▶ _Exercise prompt_
Retype, word for word, the line holding "Bolso de Mano" and each line after it down to the end of the data; pictures are not copied.

▶ _Supplied data_

/---

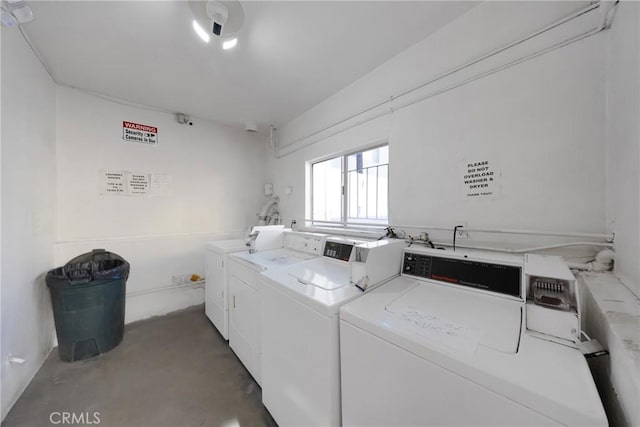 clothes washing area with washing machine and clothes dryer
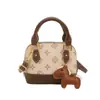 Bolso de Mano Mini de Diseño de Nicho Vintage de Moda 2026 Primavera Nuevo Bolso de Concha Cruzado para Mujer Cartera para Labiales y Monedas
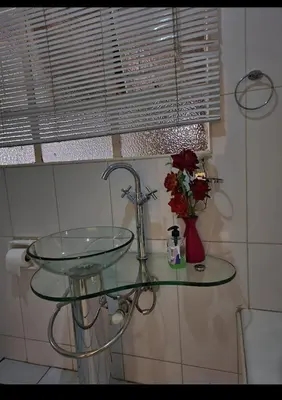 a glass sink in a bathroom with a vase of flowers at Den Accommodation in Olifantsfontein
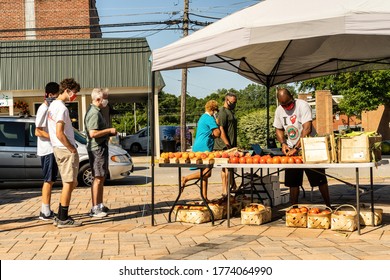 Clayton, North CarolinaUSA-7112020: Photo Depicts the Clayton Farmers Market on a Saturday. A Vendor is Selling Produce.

\---

▶ _Output for this exercise_
 Bolso de Mano Mini de Diseño de Nicho Vintage de Moda 2026 Primavera Nuevo Bolso de Concha Cruzado para Mujer Cartera para Labiales y Monedas
 a glass sink in a bathroom with a vase of flowers at Den Accommodation in Olifantsfontein
 Clayton, North CarolinaUSA-7112020: Photo Depicts the Clayton Farmers Market on a Saturday. A Vendor is Selling Produce.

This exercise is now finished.